Mehr als die Hälfte der Filmförderung des Bundes fliesst heute in die Administration, die seit den 1990er Jahren massiv ausgebaut geworden ist.

Der Klein Report sprach mit dem Zürcher Filmproduzenten und Regisseur Samir über die Kulturpolitik seit den 1970er Jahren, die zunehmende Bürokratisierung seit den 1990er Jahren und das Knarren im Gebälk der heutigen Filmbranche unter der Last von Regelungen und Vorgaben.

Ihre Kritik in der «Neuen Zürcher Zeitung» (NZZ) an Bundesrätin Baum-Schneider und ihren Plänen für die neue Filmförderung hat ziemlich viel Wellen geworfen. Wie waren die Reaktionen auf Ihren Gastkommentar?
Samir
: «In den sozialen Medien ging es voll ab. Alleine auf Linkedin haben inzwischen über 4000 Leute den Artikel gelesen. Ich erhielt von Dutzenden von Kollegen und Kolleginnen per Mail und SMS volle Zustimmung zu meinen Überlegungen und in den Fachverbänden löste es grosse Diskussionen aus.»

Gab es auch negative Reaktionen?
Samir: «Es gab nur von zwei Verbandsspitzen negative Anmerkungen. Motto: der falsche Moment und politisch ganz gefährlich. Aber sie gingen nicht auf den Inhalt ein.
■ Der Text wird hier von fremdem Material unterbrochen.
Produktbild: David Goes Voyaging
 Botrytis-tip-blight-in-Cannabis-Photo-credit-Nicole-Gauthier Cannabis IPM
Die übliche Reaktion von Leuten, die entweder von den Verhältnissen profitieren wollen oder nicht wagen zu ihrer Einstellung zu stehen.»

Sie schreiben in dem Kommentar, dass die Förderpolitik von SP-Bundesrätin Elisabeth Baume-Schneider dem Schweizer Film schadet.
Samir: «Leider ist Bundesrätin Baume-Schneider eine sehr schwache Politikerin. Trotz Einnahmeüberschüssen im Bund hatte bekanntlich Bundesrätin Karin Keller-Sutter das grosse Sparprogramm angesagt. Doch im Gegensatz zu den anderen Departements ist Bundesrätin Baume-Schneider gleich eingeknickt. Der Filmbranche gegenüber hat sie die realen Kürzungen als Verteidigung unserer Interessen verkauft.»

Warum jammern Sie? Der Kredit wurde ja nicht gekürzt?
Samir: «Das stimmt, aber die selektive Filmförderung stagniert seit 15 Jahren auf 16 Millionen. Trotz 5 Prozent Teuerung in dieser Zeit und der Erhöhung der Filmbudgets aufgrund zusätzlicher Auflagen um 10 bis 20 Prozent. Das ist eine reale Kürzung! Daneben ist es ja schon erstaunlich, dass Bundesrat Albert Rösti - trotz angeblicher Sparpolitik - es geschafft hat, die Medienförderung von 30 auf 70 Millionen Franken zu erhöhen. Von den Bauern will ich gar nicht reden.»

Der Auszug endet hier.